The lengthily titled Farfromwords: car mirrors eat raspberries when swimming through the sun, to swallow sweet smells is the result of Laure Prouvost’s residency in Italy as the fourth recipient of the Max Mara Art Prize for Women. Swallow (all works 2013), the central video of this two-part installation, is a meditation on pleasure, seen through the eyes of a hypothetical aesthete on the Grand Tour. Housed within a panoramic grotto of photographic collages that echo its Arcadian location, the film places us somewhere in Italy, by a secluded pond, and the images come at us quickly, as though designed to induce Stendhal syndrome: nude women bathing; raspberries crushed underfoot; a breast pushed into a peeled fig; a pineapple emerging from the water, Excalibur-style; fleeting shots of birds; cutaways to shirtless youths; palm fronds waving against azure sky.

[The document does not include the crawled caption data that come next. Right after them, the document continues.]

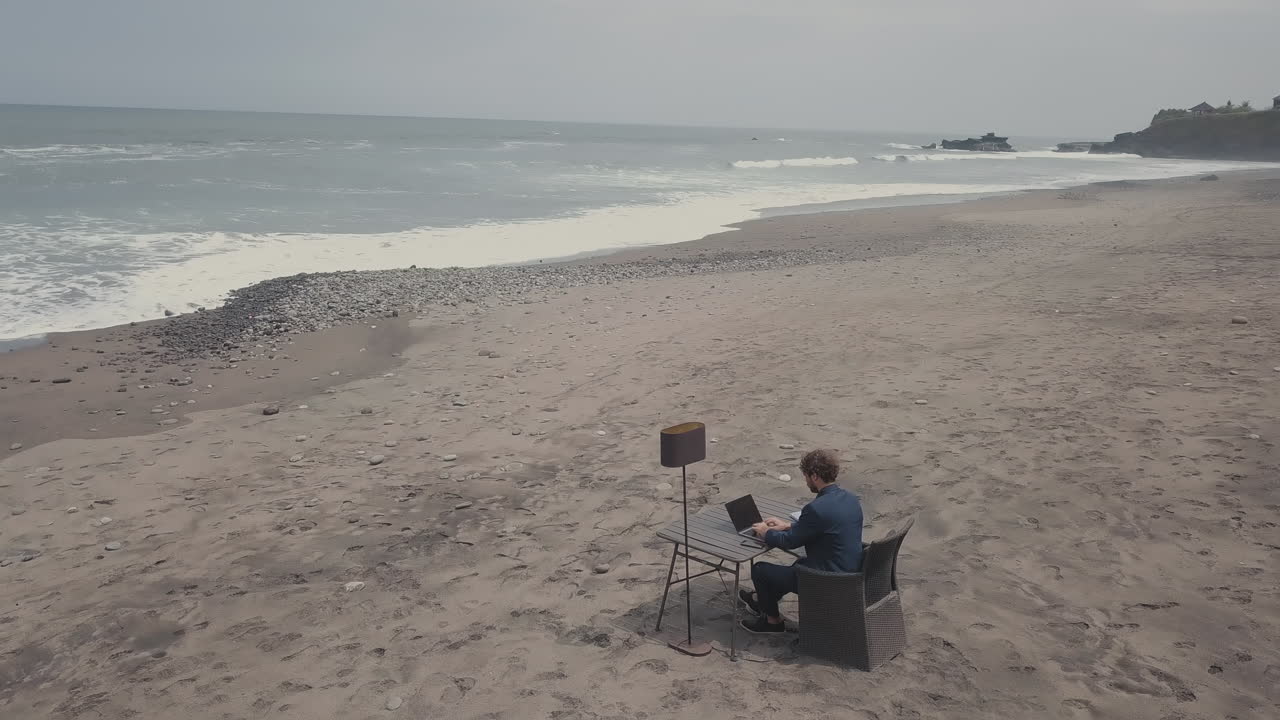 Man Working On Laptop On Sunny Day In Bali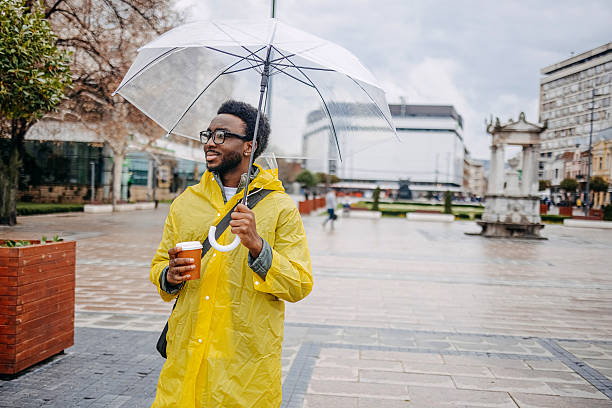 istock Man going to work walking outside on rainy day holding umbrella 2207145575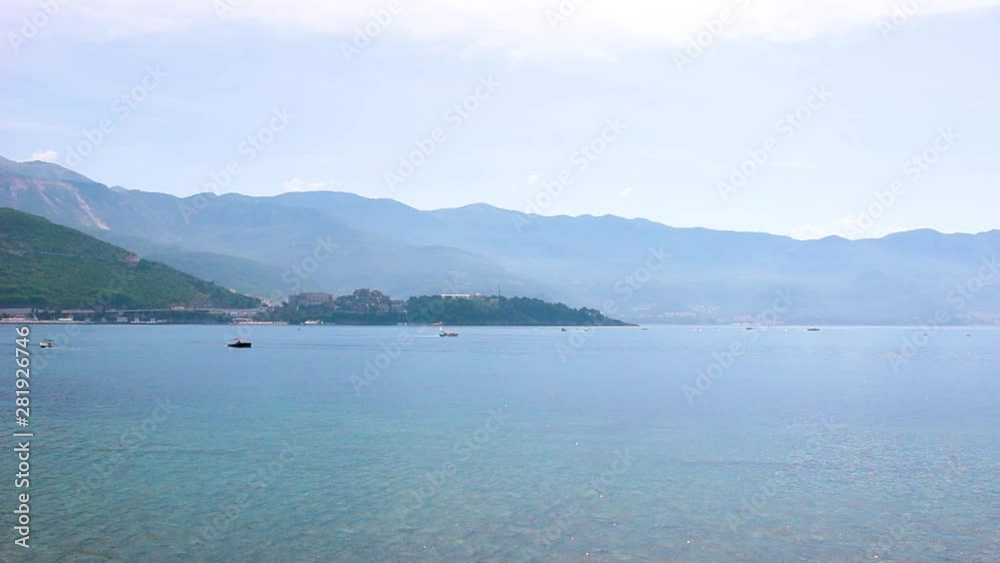 Summer seascape, Sveti Nikola island in Adriatic sea at Montenegro, panoramic motion Summer seascape, Sveti Nikola island in Adriatic sea at Montenegro, panoramic motion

The goal, perhaps, is to offer pleasurable images rather than images of pleasure: it’s their unfolding that pleases, not what they depict. This is consolidated aurally, sounds functioning as serifs, crisply completing each shot: the uncorking of a bottle, the snip of scissors, the sharp intakes of breath that punctuate the ten-minute montage. We rarely see anything for more than a second, with Prouvost’s childlike voiceover addressing us sotto voce: “This image is undressing you… You drink this image…” Her laconic commentary has become a signature that some dismiss as French kookiness, but when sparingly used, its cadence augments the character of her image presentation, which is both votive and throwaway. Phrased in the second person, it also anticipates our consumption of the work, making it rhetorically as well as sensorially seductive.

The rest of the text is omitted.